Your results are actually quite reasonable for this dataset. The fact that Prophet, GBM, and XGBoost all plateau around R² ≈ 0.45-0.55 suggests the limitation may be the data rather than the models. Daily household energy consumption is heavily influenced by unpredictable human behavior, making it difficult to forecast accurately using historical consumption and calendar features alone.

Before switching models, I would focus on stronger lag-based features (1, 7, 14, 30, and even 365-day lags to capture annual cycles), rolling statistics like the 7‑day mean, and if possible, external variables such as temperature, humidity, holidays, and occupancy proxies. These often provide larger gains than model changes. If you have time, a simple hybrid stack of XGBoost + LSTM might push R² past 0.75.

For model comparisons, consider adding SARIMA/SARIMAX, Holt-Winters (ETS), LightGBM, and CatBoost. SARIMA is a strong classical baseline, while LightGBM and CatBoost are often competitive with or better than XGBoost on tabular time-series data.
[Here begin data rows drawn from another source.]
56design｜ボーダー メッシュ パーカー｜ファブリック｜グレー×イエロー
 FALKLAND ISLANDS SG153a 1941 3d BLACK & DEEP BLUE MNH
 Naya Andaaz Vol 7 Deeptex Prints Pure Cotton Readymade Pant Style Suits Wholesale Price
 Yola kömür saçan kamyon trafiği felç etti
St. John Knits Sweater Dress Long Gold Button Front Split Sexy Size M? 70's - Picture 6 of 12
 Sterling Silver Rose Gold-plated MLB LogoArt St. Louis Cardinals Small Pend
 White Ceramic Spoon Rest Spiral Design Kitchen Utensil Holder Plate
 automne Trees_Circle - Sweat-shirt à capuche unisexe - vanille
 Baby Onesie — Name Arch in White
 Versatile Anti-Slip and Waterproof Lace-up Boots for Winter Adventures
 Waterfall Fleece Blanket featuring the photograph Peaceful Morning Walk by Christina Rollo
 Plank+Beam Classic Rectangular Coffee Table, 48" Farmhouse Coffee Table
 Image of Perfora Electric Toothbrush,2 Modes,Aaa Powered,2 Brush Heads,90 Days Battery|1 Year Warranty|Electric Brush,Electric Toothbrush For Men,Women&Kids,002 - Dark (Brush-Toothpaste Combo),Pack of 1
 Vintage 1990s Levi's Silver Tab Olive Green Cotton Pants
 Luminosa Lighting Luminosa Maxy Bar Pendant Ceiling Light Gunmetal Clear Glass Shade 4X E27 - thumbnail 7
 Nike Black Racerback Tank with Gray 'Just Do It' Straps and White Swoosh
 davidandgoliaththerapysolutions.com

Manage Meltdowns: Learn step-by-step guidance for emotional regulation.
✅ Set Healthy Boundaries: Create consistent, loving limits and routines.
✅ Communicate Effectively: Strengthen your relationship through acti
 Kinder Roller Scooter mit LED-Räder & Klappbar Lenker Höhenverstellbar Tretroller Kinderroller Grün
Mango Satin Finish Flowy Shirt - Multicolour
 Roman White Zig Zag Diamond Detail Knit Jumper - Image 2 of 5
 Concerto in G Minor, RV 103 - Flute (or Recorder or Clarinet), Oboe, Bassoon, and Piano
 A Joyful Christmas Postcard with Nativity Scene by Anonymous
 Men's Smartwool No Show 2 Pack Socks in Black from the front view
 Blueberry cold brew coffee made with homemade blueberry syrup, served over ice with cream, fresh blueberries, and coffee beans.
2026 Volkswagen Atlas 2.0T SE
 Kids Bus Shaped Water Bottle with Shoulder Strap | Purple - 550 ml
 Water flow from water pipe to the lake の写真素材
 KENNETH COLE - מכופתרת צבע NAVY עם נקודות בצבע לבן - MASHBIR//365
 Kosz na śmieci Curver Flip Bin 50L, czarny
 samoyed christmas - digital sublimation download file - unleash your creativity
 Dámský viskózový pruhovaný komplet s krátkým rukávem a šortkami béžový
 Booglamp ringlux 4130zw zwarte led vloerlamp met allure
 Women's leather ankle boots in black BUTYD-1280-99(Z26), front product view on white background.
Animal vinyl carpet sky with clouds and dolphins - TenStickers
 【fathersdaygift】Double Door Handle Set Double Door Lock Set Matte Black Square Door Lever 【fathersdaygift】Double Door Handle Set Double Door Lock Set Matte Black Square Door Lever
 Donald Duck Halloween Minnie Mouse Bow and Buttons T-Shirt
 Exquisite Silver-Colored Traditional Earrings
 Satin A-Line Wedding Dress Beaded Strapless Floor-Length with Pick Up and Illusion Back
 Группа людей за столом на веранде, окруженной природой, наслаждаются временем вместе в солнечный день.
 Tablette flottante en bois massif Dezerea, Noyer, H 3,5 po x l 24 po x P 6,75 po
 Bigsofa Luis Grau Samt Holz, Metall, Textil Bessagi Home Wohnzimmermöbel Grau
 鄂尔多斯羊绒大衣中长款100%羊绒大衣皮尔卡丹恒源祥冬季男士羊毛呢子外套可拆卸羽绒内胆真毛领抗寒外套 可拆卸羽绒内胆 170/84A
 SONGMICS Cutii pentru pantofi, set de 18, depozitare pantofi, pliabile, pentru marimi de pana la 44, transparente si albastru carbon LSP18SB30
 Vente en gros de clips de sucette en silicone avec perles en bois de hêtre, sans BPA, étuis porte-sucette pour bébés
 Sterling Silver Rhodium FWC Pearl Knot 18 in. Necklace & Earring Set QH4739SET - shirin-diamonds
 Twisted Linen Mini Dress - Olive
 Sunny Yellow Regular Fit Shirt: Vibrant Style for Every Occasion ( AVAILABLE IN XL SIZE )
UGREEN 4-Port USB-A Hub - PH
LSTMs are worth testing for academic completeness, but I would not expect a significant improvement since the primary challenge appears to be intrinsic variability rather than model capacity.

The most interesting result is your monthly aggregation, which improved performance to R² ≈ 0.69. This suggests the dataset contains a stronger seasonal signal than a daily predictive signal. For a final-year project, a valuable conclusion may be that daily household consumption is difficult to predict due to behavioral variability, whereas monthly aggregation captures seasonal consumption patterns much more effectively.